====== DATA FOR THE TASK ======

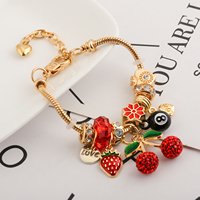 Bracelet à breloques imprimé léopard en gros, chaîne dorée, pendentifs cerise, fraise, cœur, boule 8, bracelet DIY pour femme, bijoux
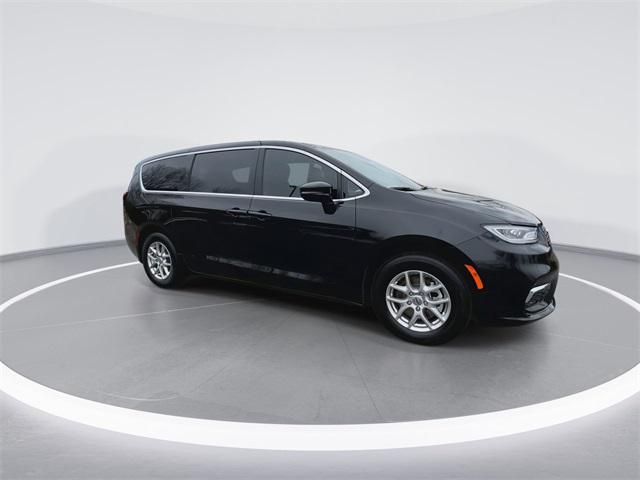 2025 Chrysler Pacifica PACIFICA SELECT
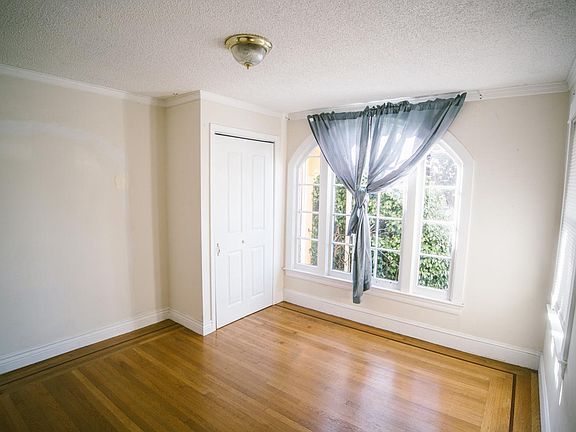 5th image of 628 31st St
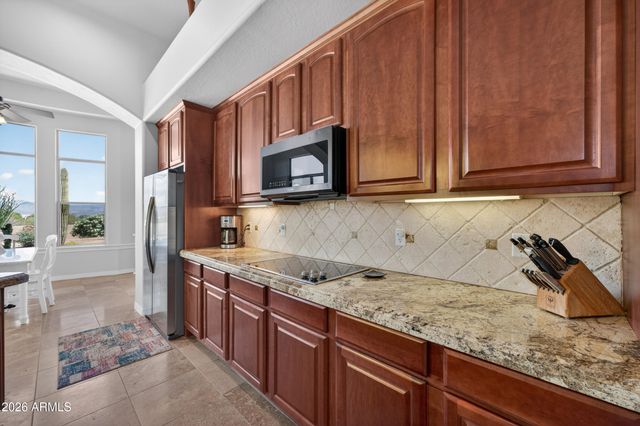 13912 E CAVEDALE Drive, Scottsdale, AZ 85262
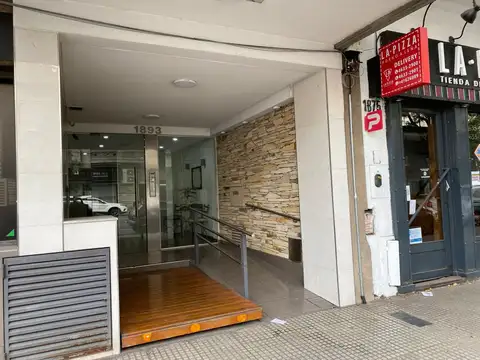 Avenida Directorio 1800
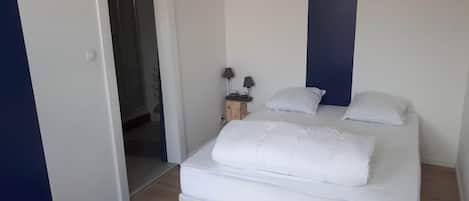 1 Schlafzimmer, Bügeleisen/Bügelbrett, WLAN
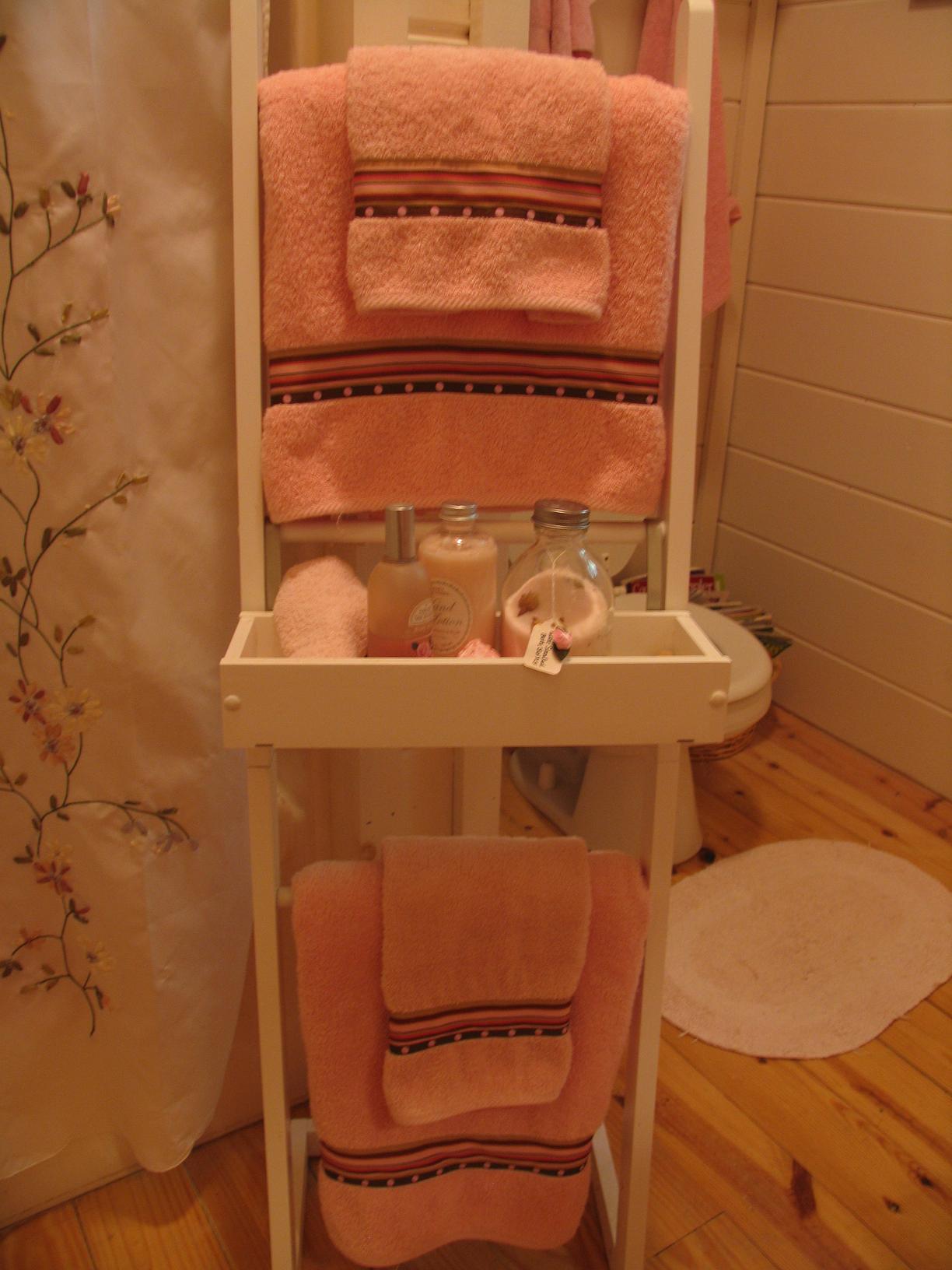 decorative towels with ribbon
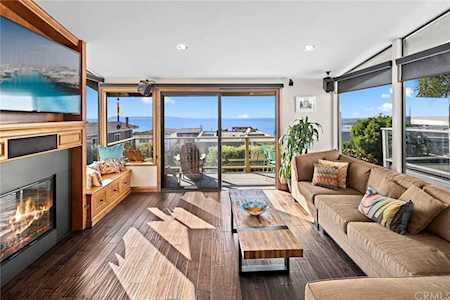 883 Acapulco Street Laguna Beach, CA 92651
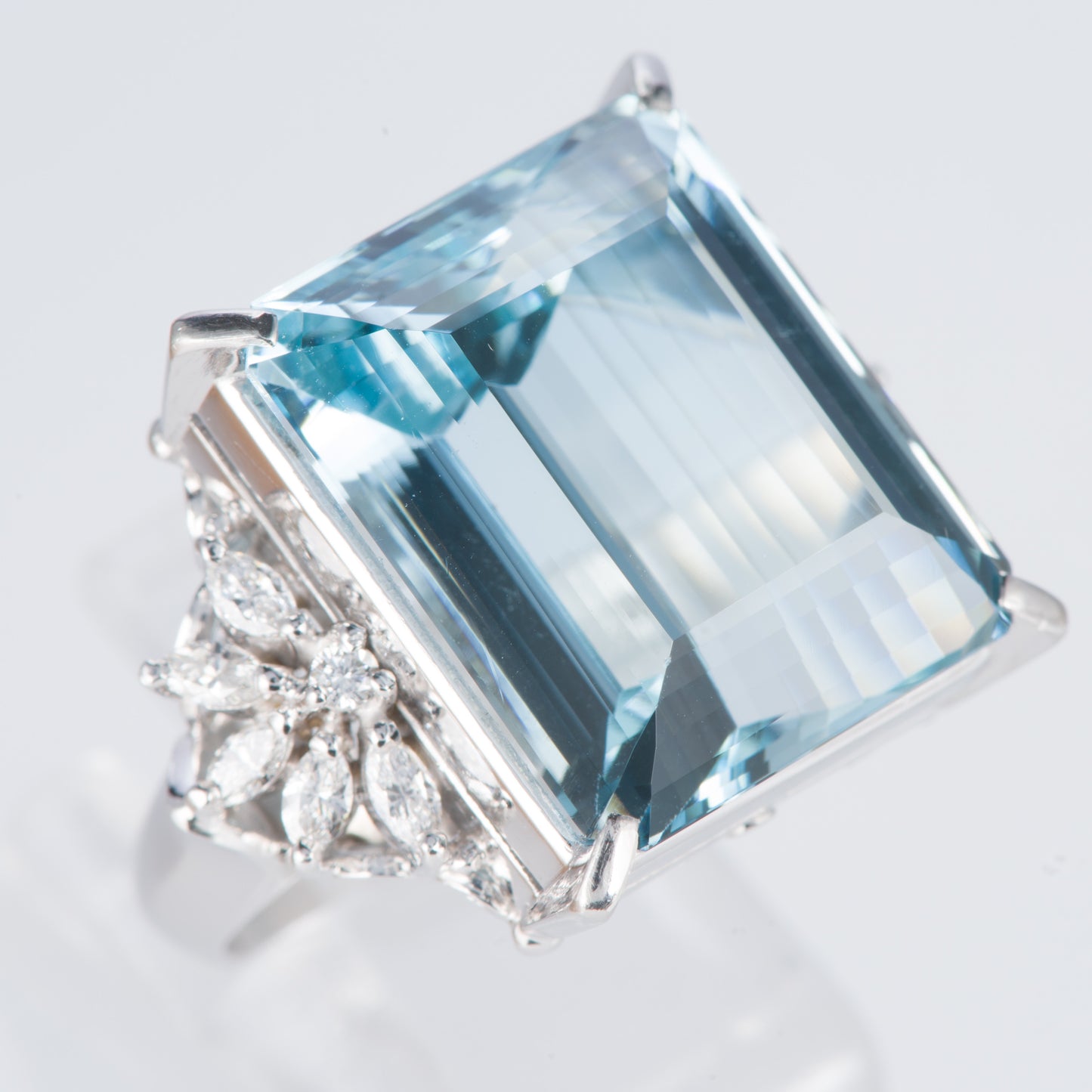 アクアマリンxダイヤモンド プラチナリング Aq: 21.62 ct D: 0.52ct Pt900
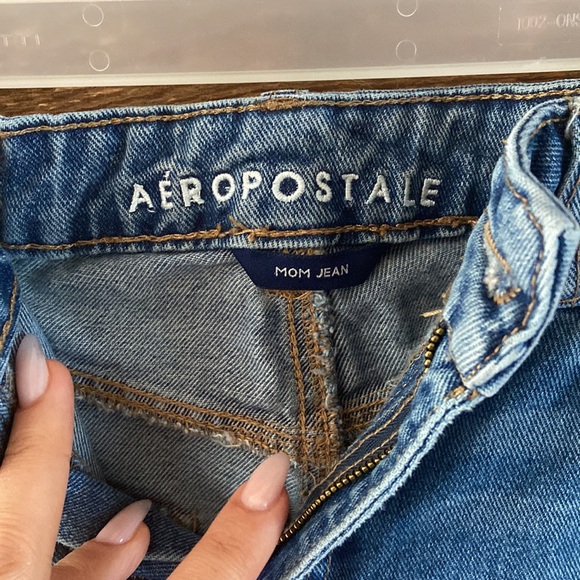Aeropostale mom jeans - Picture 2 of 4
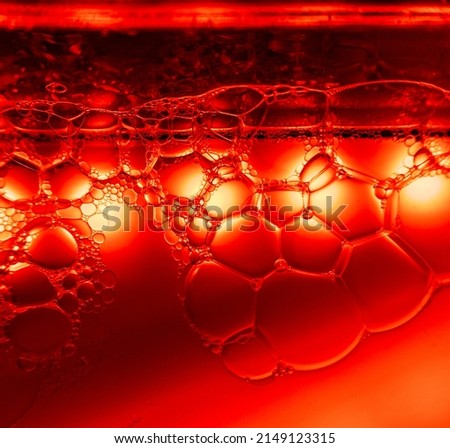 Pattern of bobles in red light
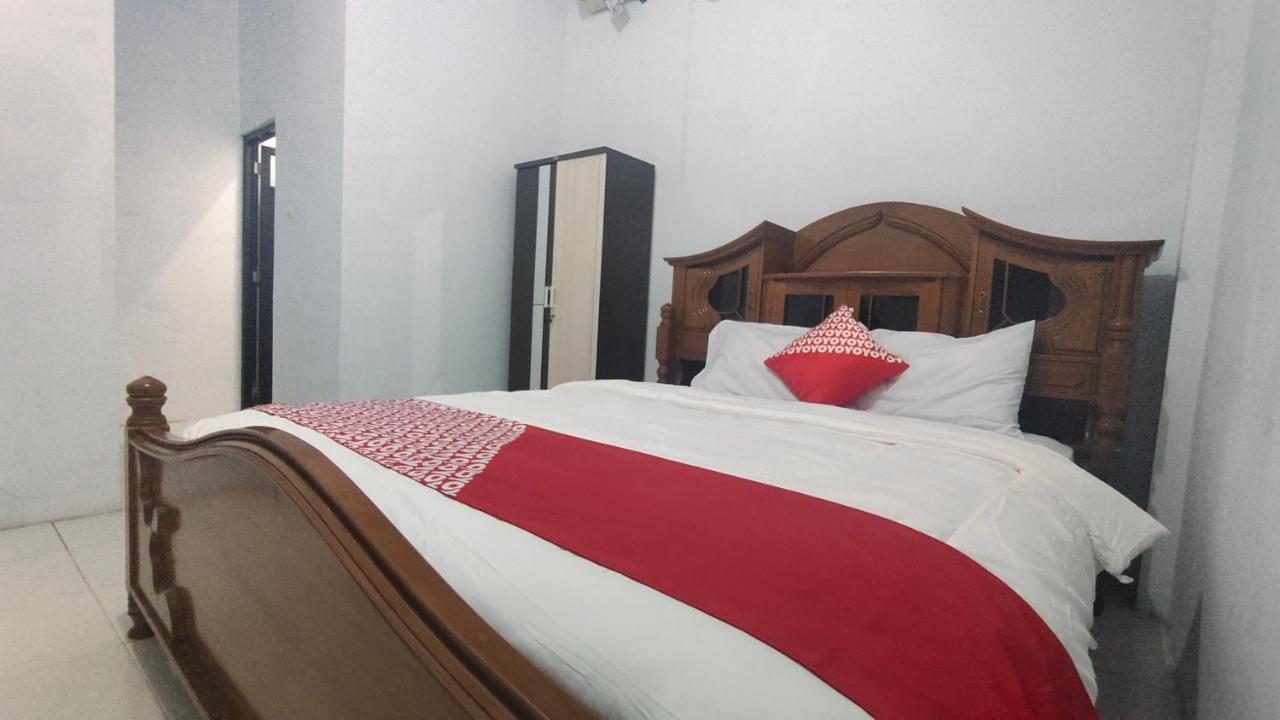 Oyo 90157 Griya Andon Syariah Hotell Cirebon Eksteriør bilde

======

__YOUR GOAL__
Write out each line exactly, from the one containing "1 Schlafzimmer, Bügeleisen/Bügelbrett, WLAN" through the end of the entries, and skip the pictures.

__RESPONSE TO THIS TASK__
 1 Schlafzimmer, Bügeleisen/Bügelbrett, WLAN
 decorative towels with ribbon
 883 Acapulco Street Laguna Beach, CA 92651
 アクアマリンxダイヤモンド プラチナリング Aq: 21.62 ct D: 0.52ct Pt900
Aeropostale mom jeans - Picture 2 of 4
 Pattern of bobles in red light
 Oyo 90157 Griya Andon Syariah Hotell Cirebon Eksteriør bilde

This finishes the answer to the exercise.